ABD'yle Türkiye her ne kadar pek çok konuda ortak siyaset izliyorlarsa da, Irak, İran, Suriye ve Hamas gibi konularda farklılıklarını koruyorlar. Erdoğan döneminde Türkiye Ortadoğu'da bağımsız bir ses ortaya koydu, ama hem Ankara hem Washington farklılıklarını küçümseyip dikkate almamayı ve ortak çıkarları öne çıkarmayı seçti.
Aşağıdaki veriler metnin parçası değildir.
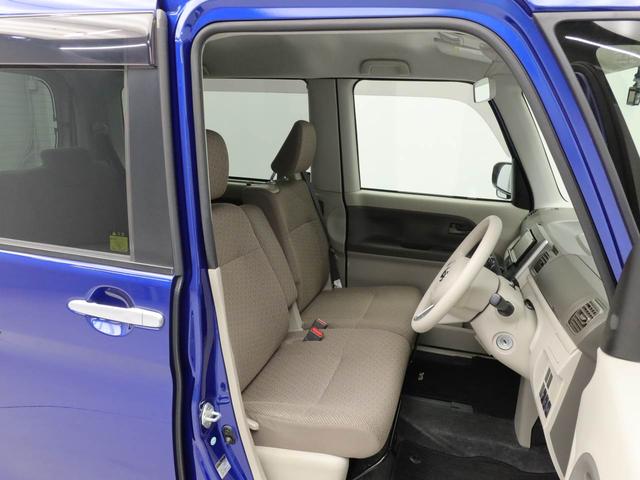 タント Ｌ　エアコン　パワステ　パワーウィンドウ　ＡＢＳ　エアバック　キーレス（41枚目）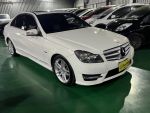 BENZ賓士C250AMG運動版GOO第三...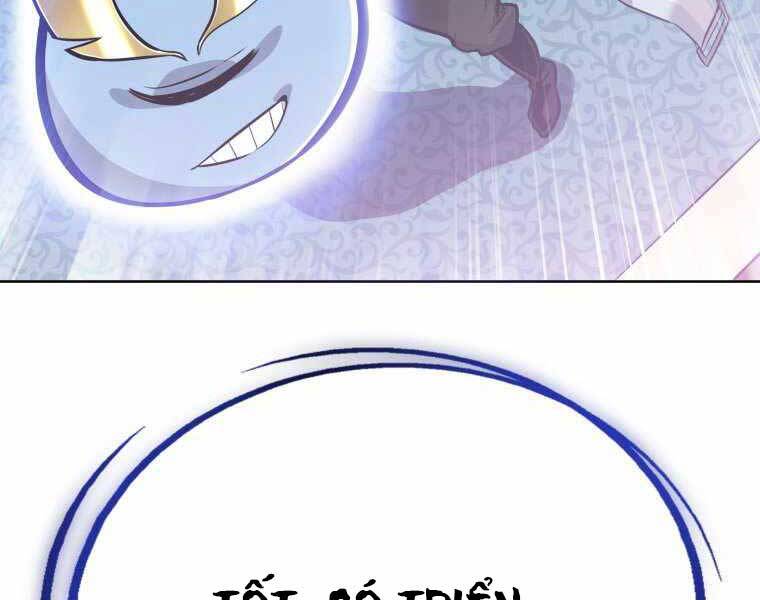 Chế Ngự Kiếm - Chương 4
Bugünün Türkiyesi 20 yıl öncekine benzemiyor; ABD'nin kapısını aşındıran, Moskova'nın tehdidini hisseden ve ekonomik zorluklar içindeki Türkiye artık yok. İkili ilişkileri yürütmek için artık Amerikalıların daha fazla çalışması gerekse bile Türkiye'nin gücü ve yeni atılgan tavrı ABD'nin stratejik çıkarlarıyla bütünleşebilir ve hoş karşılanmalı.
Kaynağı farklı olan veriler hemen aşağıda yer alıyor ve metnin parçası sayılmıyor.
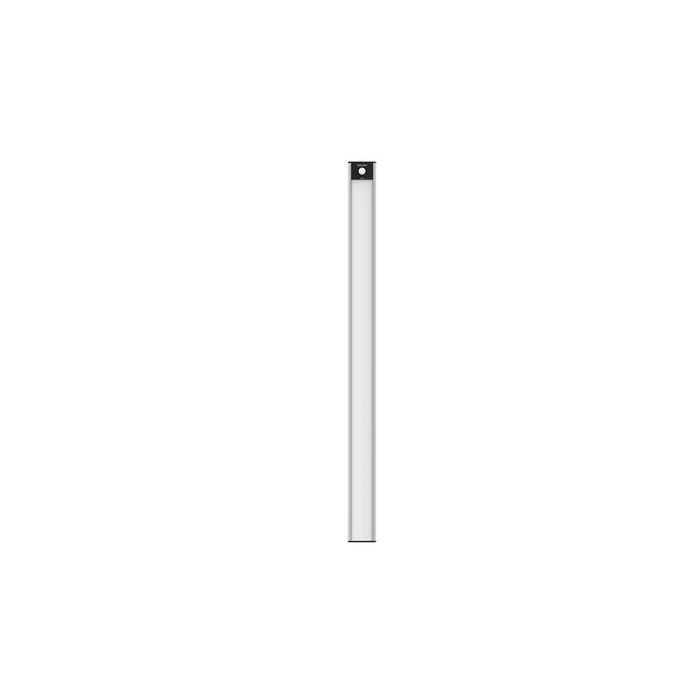 Yeelight Motion Sensor Closet Light A60 (Silver 2700K）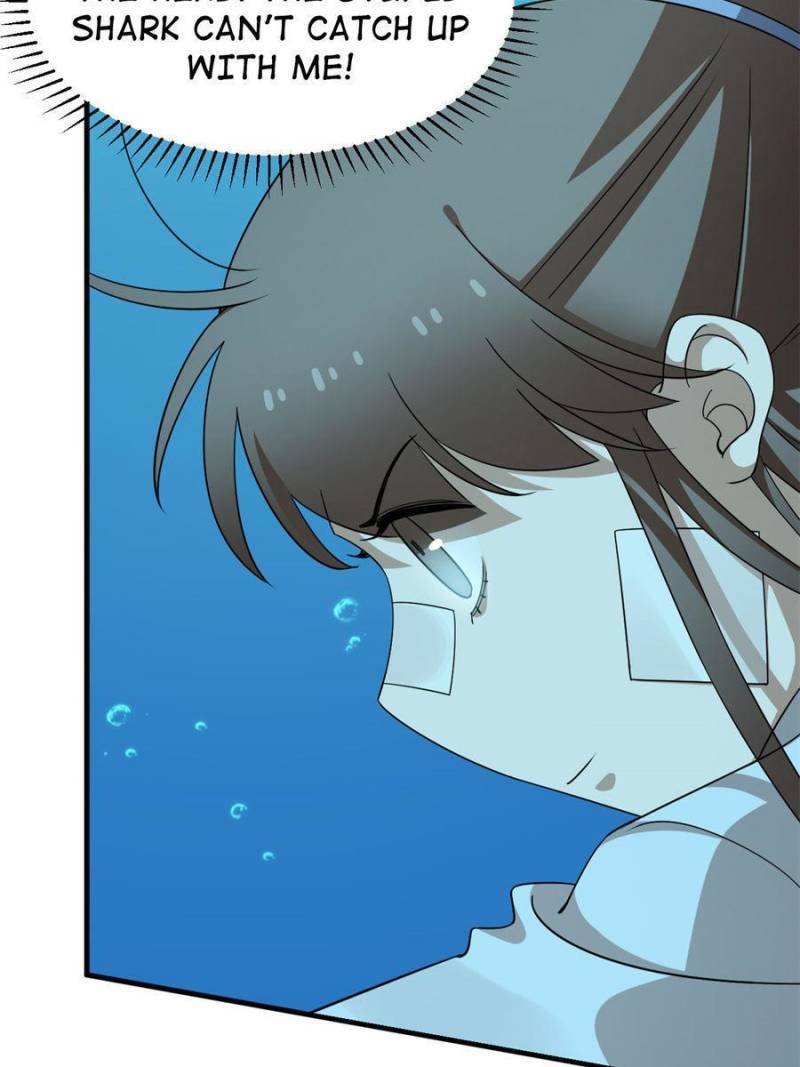 Page 39 of Chapter 397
Dengeyi Kuzey Irak değiştirir
Türkiye'deki liderler ABD'nin Irak'ı bir arada tutmayı başarmasını tüm gönülleriyle dilese bile Irak konusu sorun yaratıyor. Türkler ABD'nin Irak'taki askeri girişiminden çok zarar gördüklerini düşünüyor. Bu onları uzun süredir korktukları kâbusla baş başa bıraktı: Yanı başlarında bir Kürt devletinin kurulup, bunun Türkiye'deki Kürtler üzerinde siyasi sonuçlara yol açması. AB'nin süprüntü tavrıyla ve artan Amerikan karşıtlığıyla birleşince bu durum ülkedeki ırkçı milliyetçiliğe güç kattı.
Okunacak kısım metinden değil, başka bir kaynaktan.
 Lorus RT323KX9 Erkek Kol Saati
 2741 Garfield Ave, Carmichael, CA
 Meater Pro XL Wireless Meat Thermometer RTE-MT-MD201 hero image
Türkiye'nin halihazırdaki endişeleri iki konuya odaklanıyor: Birincisi, petrol zengini Kerkük'ün Irak Kürdistanı'na bağlanıp bağlanmamasına ilişkin 2007'de yapılması öngörülen referandum ki, Türkler buna son derece karşı. İkincisiyse, ABD veya Irak Kürtlerinin Kuzey Irak'ta üslenen Türkiye karşıtı PKK militanlarını ezmekteki gönülsüzlüğü. Her iki konu da Washington'la ilişkileri geriyor ve bir anda topyekûn bir krize dönüşebilir.
Bazı Iraklı Kürt liderlerin kısa süre önce sarf ettiği tehditler anında Türk generallerin karşı tehditlerini tahrik etti. Bu durum temkinli bir biçimde idare edilmezse ABD-Türkiye ittifakındaki dengelerde önemli bir değişimin ve belki de AKP iktidarının devamına yönelik en büyük tehdidin habercisi olabilir.
Washington'da ABD yönetiminden olmayan bazı kişilerin korktuğu gibi Türkiye 'kaybedilmeyecek'. Türk halkının Batı, demokrasi ve laiklikle bağı koparılamayacak kadar güçlü ve büyük zorluklara direnebilecek yetenekte. Kaldı ki, Erdoğan veya partisinin kökten bir değişikliğe gideceği yönünde de hiçbir emare yok. Türkiye'nin büyümesi ve dinamizmi Batı'da yatıyor.